Jimmy L. Mitchell, Institute for Job & Occupational Analysis,
San Antonio, TX
Johnny J. Weissmuller, Metrica, Inc., San Antonio, TX
Winston Bennett, Jr., Air Force Research Laboratory, Mesa, AZ
Abstract
As part of the research and development of a prototype internet survey software capable of handling typical occupational analysis (OA) task lists, some research was conducted to explore the possible impacts of the new survey form (internet) on data quality and reliability (Stanton, 1998). The objectives of this research were to find new ways to enhance data collection efficiency, as well as improve data quality. Such improved data collection methods have considerable promise for use in training evaluation, occupational analysis, and as a way to expedite data for emerging decision support systems (DSSs) used in making critical manpower, personnel, and training (MPT) decisions (Bennett, Sego, Teachout & Phalen, 1994; Mitchell, Bennett, & Yadrick, 1993).Since a Behavioral Scientist (AFS 3BSX1b) survey was recently completed by the Air Force Occupational Measurement Squadron using disk-based surveying technology (OASurv), this officer specialty was selected for an experimental study to test the equivalency of Internet surveying. The questions of interest in this experiment involved having all respondents rate major duty areas in terms of which duties they perform and then to present the tasks to be rated either in inventory order (the traditional way) or in descending order of rated importance (omitting those rated as not performed). This presentation order should control for the effects of fatigue on long surveys (i.e., those with many tasks) and should insure that all important duties are rated first. Those rated last would be the tasks where few people perform or where trivial amounts of job time are involved (Weissmuller & Mitchell, 1998). Theoretically, this tailored survey should develop more reliable information and should take considerably less time to complete, thus minimizing the amount of job time invested in survey data collection. Such an approach was used successfully in the recent U.S. Army Enlisted Common Soldiers Task survey to cope with a 900-item task list administered to about 20,000 soldiers.
Experimental Design
Key questions to be answered in this experiment were as follow:
Will Presentation Order Impact Group Job Description?

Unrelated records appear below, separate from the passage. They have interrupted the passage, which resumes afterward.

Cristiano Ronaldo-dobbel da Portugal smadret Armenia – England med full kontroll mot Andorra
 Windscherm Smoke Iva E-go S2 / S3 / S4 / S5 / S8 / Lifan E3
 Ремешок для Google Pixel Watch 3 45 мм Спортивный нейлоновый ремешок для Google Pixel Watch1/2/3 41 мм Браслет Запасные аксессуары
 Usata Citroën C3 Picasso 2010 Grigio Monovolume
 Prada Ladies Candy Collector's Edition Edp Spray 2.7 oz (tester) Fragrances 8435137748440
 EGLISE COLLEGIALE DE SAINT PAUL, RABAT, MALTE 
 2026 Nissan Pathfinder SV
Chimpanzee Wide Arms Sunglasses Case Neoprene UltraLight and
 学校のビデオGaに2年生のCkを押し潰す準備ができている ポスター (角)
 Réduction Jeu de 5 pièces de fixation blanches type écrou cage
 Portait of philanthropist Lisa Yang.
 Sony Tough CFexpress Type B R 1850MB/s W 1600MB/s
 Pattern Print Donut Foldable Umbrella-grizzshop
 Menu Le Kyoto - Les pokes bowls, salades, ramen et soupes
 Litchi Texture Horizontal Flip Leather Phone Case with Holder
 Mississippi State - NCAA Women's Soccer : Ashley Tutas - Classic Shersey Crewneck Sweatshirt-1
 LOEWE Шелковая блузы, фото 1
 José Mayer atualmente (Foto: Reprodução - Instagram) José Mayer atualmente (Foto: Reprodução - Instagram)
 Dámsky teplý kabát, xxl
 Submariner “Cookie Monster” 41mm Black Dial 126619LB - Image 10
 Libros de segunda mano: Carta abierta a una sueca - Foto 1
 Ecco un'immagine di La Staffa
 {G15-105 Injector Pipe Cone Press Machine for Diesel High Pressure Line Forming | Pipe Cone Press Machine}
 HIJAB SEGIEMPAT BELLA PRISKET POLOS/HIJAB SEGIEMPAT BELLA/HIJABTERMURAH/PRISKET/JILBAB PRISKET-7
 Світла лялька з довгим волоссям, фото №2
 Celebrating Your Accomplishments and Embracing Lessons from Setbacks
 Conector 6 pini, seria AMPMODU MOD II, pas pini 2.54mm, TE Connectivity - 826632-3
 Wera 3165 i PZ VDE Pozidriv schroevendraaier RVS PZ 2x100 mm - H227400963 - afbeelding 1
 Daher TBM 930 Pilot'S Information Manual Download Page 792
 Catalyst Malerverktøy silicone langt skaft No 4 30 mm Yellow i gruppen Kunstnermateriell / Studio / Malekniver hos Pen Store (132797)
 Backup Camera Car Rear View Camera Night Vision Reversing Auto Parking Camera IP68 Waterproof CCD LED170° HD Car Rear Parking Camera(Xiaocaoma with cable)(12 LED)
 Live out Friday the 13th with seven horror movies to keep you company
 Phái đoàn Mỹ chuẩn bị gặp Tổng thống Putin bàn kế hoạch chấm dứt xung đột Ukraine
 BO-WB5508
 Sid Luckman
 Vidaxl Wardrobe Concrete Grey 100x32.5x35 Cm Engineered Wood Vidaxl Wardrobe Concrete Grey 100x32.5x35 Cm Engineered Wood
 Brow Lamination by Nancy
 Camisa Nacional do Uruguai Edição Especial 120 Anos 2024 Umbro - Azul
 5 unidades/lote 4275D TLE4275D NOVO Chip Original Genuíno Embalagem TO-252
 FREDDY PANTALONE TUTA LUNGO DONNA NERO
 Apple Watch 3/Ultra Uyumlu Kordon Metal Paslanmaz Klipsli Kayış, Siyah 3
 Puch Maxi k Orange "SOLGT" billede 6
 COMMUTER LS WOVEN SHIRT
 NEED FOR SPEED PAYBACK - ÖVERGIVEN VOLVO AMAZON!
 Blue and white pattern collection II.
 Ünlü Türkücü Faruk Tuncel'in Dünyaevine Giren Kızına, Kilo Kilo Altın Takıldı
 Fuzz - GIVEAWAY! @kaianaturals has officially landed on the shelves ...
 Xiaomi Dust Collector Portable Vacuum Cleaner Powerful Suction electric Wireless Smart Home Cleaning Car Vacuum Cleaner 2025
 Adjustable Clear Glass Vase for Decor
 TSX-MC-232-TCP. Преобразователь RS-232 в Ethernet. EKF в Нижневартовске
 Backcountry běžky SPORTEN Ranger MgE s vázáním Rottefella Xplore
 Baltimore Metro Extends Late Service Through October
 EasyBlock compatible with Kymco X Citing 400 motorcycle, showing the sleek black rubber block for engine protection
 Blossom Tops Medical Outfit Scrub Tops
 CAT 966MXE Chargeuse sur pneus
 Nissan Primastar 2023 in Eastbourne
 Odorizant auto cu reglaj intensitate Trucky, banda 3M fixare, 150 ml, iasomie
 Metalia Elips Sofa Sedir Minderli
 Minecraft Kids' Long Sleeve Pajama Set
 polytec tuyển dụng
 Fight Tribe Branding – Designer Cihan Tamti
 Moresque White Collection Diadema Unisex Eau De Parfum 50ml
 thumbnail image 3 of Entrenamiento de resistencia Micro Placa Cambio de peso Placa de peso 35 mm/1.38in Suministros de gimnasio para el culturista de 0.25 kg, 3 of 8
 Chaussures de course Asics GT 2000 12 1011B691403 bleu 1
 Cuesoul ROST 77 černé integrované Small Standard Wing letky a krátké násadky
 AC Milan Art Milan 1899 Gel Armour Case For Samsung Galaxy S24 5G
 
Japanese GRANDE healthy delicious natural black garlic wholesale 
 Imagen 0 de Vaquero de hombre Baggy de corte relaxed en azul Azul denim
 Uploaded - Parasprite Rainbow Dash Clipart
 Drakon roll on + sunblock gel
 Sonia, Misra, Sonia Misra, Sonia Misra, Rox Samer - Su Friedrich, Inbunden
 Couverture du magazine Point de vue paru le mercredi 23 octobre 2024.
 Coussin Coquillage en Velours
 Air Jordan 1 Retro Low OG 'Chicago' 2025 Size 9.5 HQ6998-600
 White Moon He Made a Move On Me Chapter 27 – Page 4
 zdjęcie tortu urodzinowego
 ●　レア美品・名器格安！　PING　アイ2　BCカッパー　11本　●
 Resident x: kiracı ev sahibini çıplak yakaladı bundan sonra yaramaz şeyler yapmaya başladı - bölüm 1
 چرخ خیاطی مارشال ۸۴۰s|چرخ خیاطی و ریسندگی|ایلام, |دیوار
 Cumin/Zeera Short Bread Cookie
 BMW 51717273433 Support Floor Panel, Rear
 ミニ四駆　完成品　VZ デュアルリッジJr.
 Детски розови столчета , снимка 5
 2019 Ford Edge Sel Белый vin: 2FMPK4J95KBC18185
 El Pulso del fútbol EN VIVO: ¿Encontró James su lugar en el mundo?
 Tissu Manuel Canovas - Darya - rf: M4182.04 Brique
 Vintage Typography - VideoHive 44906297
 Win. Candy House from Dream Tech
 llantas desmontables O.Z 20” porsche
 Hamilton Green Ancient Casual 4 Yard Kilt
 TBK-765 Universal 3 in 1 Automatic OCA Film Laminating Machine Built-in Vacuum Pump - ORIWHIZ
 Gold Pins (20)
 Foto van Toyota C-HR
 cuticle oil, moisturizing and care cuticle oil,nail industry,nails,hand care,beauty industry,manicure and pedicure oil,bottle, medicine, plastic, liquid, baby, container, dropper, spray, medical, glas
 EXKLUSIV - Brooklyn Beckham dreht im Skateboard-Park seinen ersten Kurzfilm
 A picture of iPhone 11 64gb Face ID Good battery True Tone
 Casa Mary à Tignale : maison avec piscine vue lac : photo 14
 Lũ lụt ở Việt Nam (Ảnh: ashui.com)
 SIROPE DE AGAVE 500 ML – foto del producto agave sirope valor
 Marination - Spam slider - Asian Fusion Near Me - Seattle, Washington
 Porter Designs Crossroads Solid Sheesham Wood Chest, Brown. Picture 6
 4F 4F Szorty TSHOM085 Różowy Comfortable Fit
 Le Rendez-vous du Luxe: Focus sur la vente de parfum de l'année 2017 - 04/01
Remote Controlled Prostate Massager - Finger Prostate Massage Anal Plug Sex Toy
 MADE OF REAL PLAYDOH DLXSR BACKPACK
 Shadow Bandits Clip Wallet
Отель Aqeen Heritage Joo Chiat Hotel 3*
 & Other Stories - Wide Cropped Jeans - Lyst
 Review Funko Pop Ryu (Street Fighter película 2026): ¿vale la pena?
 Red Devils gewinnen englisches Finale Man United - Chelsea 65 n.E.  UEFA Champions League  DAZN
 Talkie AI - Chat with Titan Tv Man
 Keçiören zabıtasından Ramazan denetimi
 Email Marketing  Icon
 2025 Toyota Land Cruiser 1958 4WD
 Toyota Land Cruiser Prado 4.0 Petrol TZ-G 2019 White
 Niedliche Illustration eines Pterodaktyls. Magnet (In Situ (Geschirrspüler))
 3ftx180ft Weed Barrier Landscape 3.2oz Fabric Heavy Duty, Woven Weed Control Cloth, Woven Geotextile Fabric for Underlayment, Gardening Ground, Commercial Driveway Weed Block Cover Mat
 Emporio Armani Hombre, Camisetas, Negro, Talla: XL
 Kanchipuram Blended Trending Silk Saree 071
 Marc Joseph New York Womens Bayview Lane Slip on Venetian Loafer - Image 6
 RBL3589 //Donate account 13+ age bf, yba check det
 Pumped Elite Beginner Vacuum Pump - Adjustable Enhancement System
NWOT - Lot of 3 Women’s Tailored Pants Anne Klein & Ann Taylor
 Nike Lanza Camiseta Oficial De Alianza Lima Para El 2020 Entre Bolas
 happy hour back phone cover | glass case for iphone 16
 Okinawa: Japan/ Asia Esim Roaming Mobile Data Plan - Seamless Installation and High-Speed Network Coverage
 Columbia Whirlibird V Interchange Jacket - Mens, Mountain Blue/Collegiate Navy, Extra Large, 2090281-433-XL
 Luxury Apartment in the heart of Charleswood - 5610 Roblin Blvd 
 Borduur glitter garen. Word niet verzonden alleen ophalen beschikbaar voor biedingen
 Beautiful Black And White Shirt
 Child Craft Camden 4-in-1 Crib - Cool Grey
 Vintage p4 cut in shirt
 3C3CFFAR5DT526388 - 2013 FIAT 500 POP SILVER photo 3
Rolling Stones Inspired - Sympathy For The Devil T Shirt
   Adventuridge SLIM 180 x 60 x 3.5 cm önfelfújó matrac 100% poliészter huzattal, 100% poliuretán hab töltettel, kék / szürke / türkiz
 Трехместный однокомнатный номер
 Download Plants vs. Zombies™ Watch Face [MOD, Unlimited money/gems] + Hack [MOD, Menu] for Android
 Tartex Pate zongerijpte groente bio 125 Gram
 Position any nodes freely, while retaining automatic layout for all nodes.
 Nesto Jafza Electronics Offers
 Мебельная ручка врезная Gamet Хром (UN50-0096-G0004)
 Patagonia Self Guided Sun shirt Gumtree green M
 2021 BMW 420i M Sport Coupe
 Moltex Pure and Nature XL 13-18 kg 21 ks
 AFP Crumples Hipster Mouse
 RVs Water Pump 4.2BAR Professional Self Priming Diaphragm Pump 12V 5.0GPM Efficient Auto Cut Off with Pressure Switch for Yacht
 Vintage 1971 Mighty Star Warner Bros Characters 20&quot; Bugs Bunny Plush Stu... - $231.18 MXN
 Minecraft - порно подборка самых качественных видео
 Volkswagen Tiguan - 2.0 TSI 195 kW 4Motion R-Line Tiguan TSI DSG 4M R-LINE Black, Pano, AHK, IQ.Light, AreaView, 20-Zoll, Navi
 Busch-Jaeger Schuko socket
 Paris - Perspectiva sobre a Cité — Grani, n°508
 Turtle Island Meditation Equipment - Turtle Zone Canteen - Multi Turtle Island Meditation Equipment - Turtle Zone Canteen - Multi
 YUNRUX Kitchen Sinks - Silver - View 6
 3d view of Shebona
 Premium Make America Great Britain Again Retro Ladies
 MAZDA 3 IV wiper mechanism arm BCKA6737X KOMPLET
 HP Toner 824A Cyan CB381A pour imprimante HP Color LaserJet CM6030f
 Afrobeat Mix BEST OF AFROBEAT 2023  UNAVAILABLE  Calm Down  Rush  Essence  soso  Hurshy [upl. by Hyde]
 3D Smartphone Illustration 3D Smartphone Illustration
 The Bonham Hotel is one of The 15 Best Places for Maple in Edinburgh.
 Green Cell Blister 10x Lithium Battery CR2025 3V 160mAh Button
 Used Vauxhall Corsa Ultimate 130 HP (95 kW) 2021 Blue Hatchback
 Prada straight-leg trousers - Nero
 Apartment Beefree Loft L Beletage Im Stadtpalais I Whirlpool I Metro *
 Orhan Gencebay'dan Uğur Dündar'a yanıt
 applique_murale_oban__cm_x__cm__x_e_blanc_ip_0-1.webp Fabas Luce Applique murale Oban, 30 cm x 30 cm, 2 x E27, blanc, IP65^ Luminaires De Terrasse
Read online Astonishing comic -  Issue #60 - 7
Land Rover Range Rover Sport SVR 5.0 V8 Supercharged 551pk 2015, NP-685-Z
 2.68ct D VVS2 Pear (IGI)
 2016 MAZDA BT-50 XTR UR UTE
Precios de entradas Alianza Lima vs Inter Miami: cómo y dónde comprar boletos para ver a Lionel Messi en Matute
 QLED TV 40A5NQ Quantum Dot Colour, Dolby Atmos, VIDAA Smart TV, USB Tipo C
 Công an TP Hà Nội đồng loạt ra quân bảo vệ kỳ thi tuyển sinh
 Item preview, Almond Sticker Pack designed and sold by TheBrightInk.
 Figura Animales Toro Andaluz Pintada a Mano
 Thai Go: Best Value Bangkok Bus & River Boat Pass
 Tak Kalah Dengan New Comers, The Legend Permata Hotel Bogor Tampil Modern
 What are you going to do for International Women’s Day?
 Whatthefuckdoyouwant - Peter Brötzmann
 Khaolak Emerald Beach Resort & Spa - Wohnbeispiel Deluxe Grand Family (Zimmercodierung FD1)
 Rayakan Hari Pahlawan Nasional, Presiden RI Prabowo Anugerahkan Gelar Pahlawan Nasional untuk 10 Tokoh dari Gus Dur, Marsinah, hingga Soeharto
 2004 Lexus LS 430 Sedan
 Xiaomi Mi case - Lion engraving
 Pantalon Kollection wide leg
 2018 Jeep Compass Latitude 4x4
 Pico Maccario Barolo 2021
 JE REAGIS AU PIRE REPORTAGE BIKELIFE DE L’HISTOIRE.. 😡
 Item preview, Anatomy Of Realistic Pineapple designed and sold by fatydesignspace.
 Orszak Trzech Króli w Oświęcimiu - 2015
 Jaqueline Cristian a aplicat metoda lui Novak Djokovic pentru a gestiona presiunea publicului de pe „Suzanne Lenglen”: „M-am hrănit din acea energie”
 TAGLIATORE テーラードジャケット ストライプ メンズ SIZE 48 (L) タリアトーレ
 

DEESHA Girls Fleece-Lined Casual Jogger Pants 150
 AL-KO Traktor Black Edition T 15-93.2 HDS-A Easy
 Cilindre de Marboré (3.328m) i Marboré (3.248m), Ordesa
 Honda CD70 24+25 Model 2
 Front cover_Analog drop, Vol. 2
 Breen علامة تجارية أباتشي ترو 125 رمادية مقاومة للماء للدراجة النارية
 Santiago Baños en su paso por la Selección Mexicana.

Less Time to Complete Survey?
To address these issues, the GenSurv version of the Behavioral Scientist survey was developed to include a random assignment of cases to two different survey forms, one in traditional "Lock Step" inventory order, and one based of descending order of rated importance of duties in present job (i.e., "how much is this duty a part of your job?"). In both forms, the incumbent was asked to rate the tasks in terms of relative time spent (RTS), which is the usual scale used in the Air Force occupational survey program.Can the experiment be done quickly using an Internet Survey? Additionally, some questions were included at the end of the normal survey to assess the attitudes of survey respondents toward the survey in terms of what percentage of their present job is covered by the tasks they rated and how long it took to complete the survey. Provision was also made for survey takers to write-in any comments they wanted about the survey and the experimental process.
Sample
Since this was the first operational data collection using GenSurv, we felt that we should use the study as a pilot test of the software. Thus, the members of the Air Force Occupational Measurement Squadron were ideal subjects for the experiment; they are now the largest single concentration of Behavioral Scientists (military and civilian) in the Air Force. A side benefit would be to let AFOMS members become familiar with the software, which might be used in future Air Force internet surveys. Thus, we included provision for them to record any suggestions they might have about what should be in military internet surveys.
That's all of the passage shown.